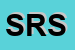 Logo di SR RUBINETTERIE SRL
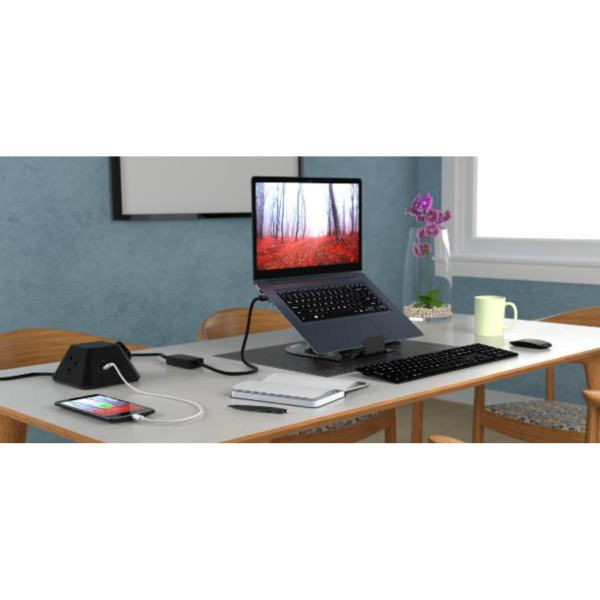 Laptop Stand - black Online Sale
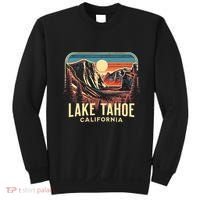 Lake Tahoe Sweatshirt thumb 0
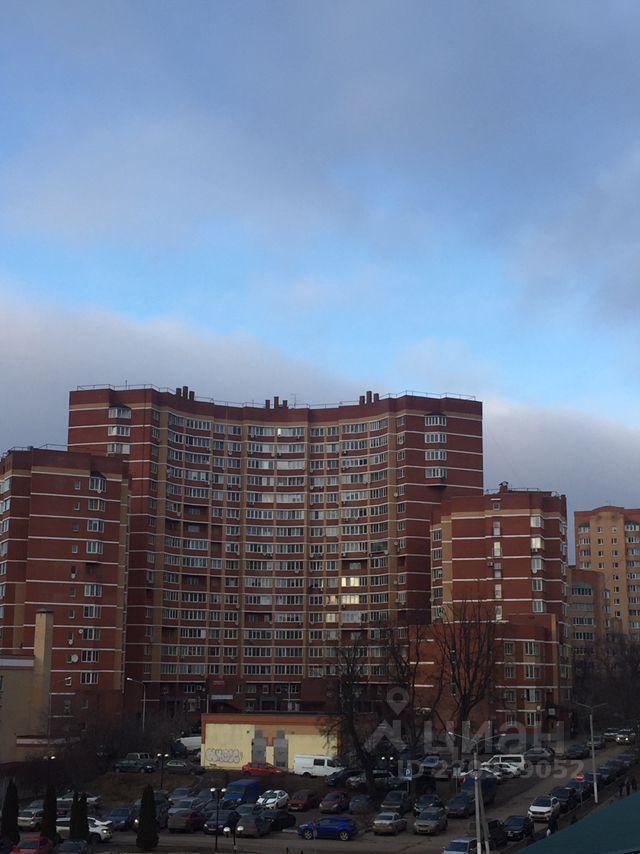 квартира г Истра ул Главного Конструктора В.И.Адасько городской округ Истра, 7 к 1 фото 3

AIM OF THE EXERCISE: Restate the data above exactly, stripping out each image.

REPLY TO THE TASK:
 Logo di SR RUBINETTERIE SRL
 Laptop Stand - black Online Sale
 Lake Tahoe Sweatshirt thumb 0
 квартира г Истра ул Главного Конструктора В.И.Адасько городской округ Истра, 7 к 1 фото 3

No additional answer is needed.